Foundations and Authority
Building can be a challenge
Two Foundations
The people represented by the two builders share one similarity and one difference. Both “keep on hearing” the words of Jesus. The present tense may imply that both hearers had been exposed to his teachings. In any case, both hearers were now accountable to obey what they had heard. However, the first person “keeps on doing” what Jesus taught, while the second “keeps on not doing” what Jesus taught.
The first man was wise; the second man was foolish. The first man found stability and blessing in this life and in eternity; the second experienced calamity in this life and in eternity (the rain, floods, and winds can represent both hardships in this life and God’s final judgment).
Notice that wisdom (the rock) means to put the words of Jesus into practice.
Jesus’ Claimed Authority
Jesus did not leave it to the crowd to perceive his authority (7:28–29). He claimed it openly. This is quite an audacious claim, unless he actually had the authority to make it. Jesus did not give his skeptics much room to maneuver in their opinion of who he was—he was either everything he says he was … or he was nothing at all. He must be fully accepted or fully rejected, for no “good moral teacher” would say the astonishing things Jesus did unless they were true. Jesus is God’s Son.
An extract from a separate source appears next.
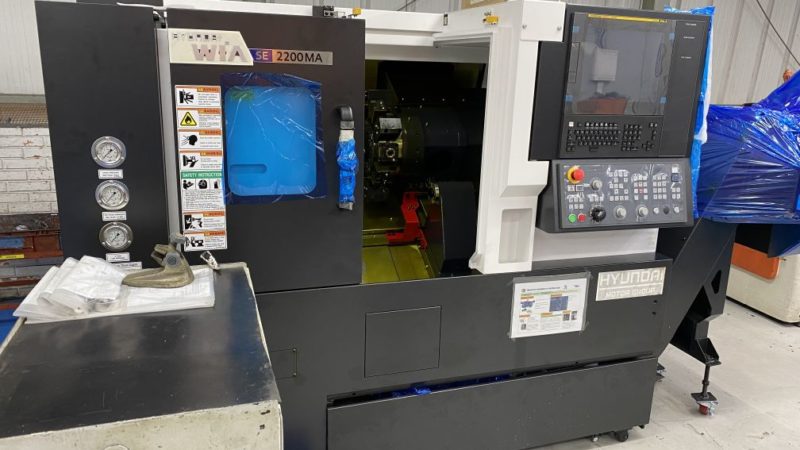 O centro de torneamento Hyundai SE2200 realiza ao mesmo tempo o torneamento - processo de usinagem usado para fabricar peças cilíndricas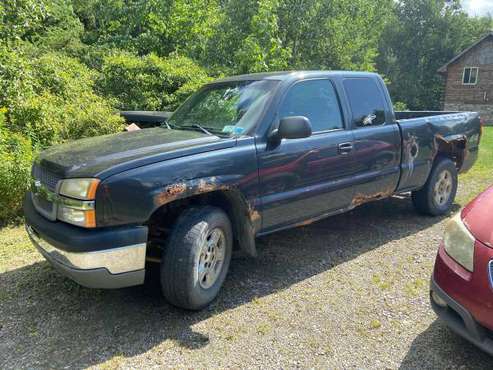 2004 Chevrolet Silverado 4 wheel drive - cars & trucks - by owner -... for sale in Wayland, NY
This is the only one of five discourses Matthew recorded in which he commented on the crowd’s response. This does not mean that this discourse was unique, for Matthew continued to use the same word of the crowds response to Jesus’ teaching in a more general way (13:54; 19:25; 22:33). Most likely, he wanted his readers to understand that the crowd had this kind of response to Jesus’ teaching wherever he went and whatever he taught.
Both the content and manner of Jesus’ teaching were overwhelming. Unlike other teachers, he taught with authority (7:29). Unlike them, he did not cite other authorities—only his own and his Father’s. And it was he alone who decided who would enter the kingdom and on what basis they would do so—through a personal relationship with God.